As a reminder, the Saints owned Payton’s rights — he retired after the 2021 season and spent 2022 working as a studio analyst for FOX — this year and next, which meant they had to give permission for the hire to happen. The compensation for them waiving their rights to his coaching is why the trade went down.
The deal includes a late first-round pick in 2023 going to the Saints (it is a pick originally owned by the San Francisco 49ers). They also receive Denver’s second-round pick next year. In addition to Payton’s rights, the Saints sent Denver a third-round pick.
It pales in comparison to what the Las Vegas (then Oakland) Raiders got when they traded coach Jon Gruden in the early 2000s. The Raiders, then, received two first-round picks, two second-round picks, and $8 million from the Tampa Bay Buccaneers in exchange for Gruden.
Why didn’t the Saints get as much for Sean Payton as Raiders did for Jon Gruden?
Very few head coaching trades have happened in the NFL. Most of the trades that have occurred surrounding head coaches have actually involved the league stepping in to hand out compensation in return for broken contracts — as NewOrleans.football reminded me this morning (subscription required) — rather than exchanges of assets between teams.
The only real comparison is all the way back in 2002 when Gruden was traded. That was over two decades ago, and for one thing, things change in the NFL and the value of picks is different year-to-year and era to era.
Drafting well is everything in the modern NFL, and based on the current market conditions, what the Saints got is considered a haul, even if it’s not the same as what the Raiders received then.

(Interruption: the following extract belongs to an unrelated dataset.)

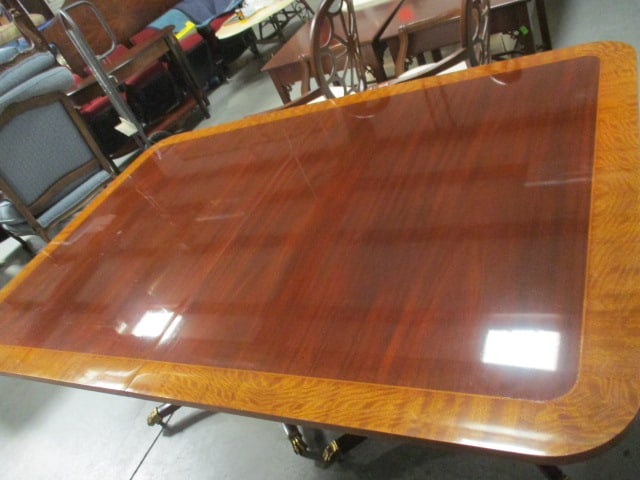 Baker Furniture Double Pedestal Dining Table with Three Leaves - 8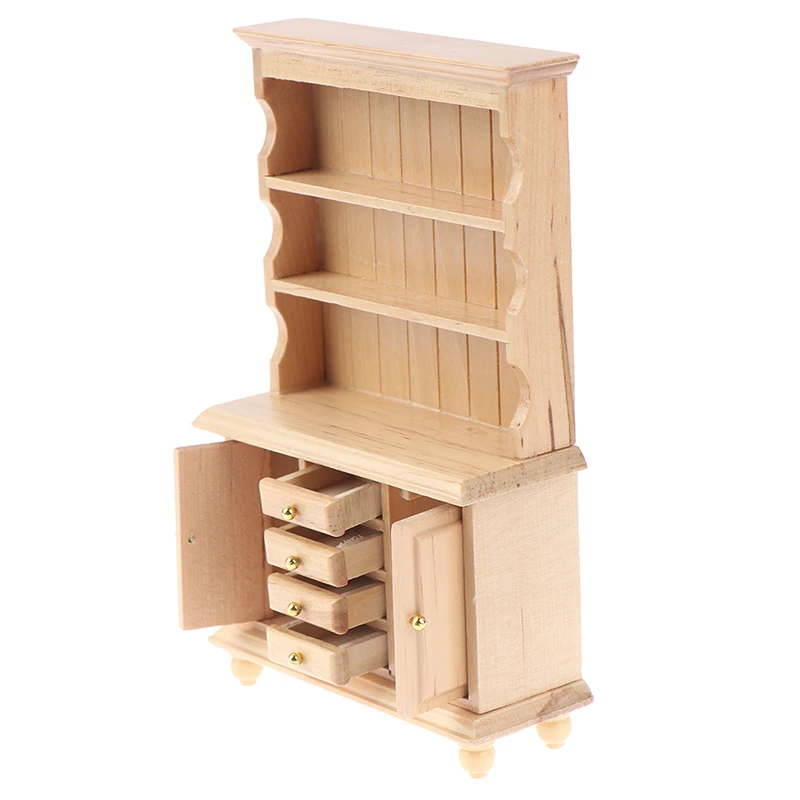 New Chinese Classical Wardrobe Mini Cabinet Bedroom Furniture Kits Home &amp Living For 1/12 Scale Dollhouse Miniature | Игрушки и хобби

There’s one other important reason why the Saints didn’t get as much, and it has to do with what Gruden and Payton were up to immediately before the trade went down.

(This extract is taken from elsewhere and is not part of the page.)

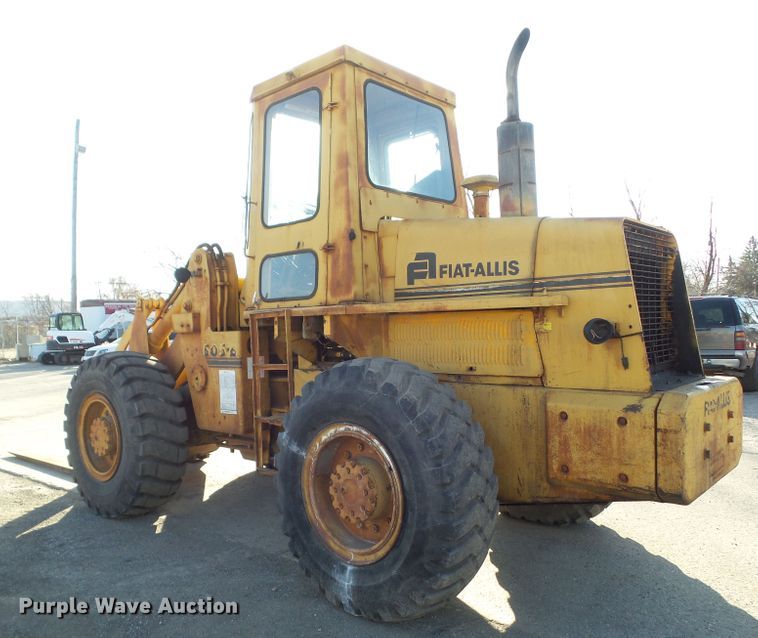 image for item DF0954 1981 Fiat-Allis 605B  wheel loader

Gruden was actively coaching for the Raiders, about to carry out the last year of his contract in Oakland. Had he not been traded, he would have simply put on a visor in black and silver and coached for another team not named the Bucs.
Payton’s situation is different. The Saints had less leverage than Oakland did because Payton — while his coaching employment rights were held by New Orleans — was working for FOX, not the Saints.
That likely leads to the Saints having to be a bit softer with negotiation. While they would have liked to have gotten two first-round picks like the Raiders did, it’s hard to do so when you don’t even really hold the full benefits of the asset you’re trying to trade.
In the end, New Orleans replenishes its barren draft closet and will look to make an addition in the first round this year. Their own top-10 pick is owned by the Eagles in the 2023 draft.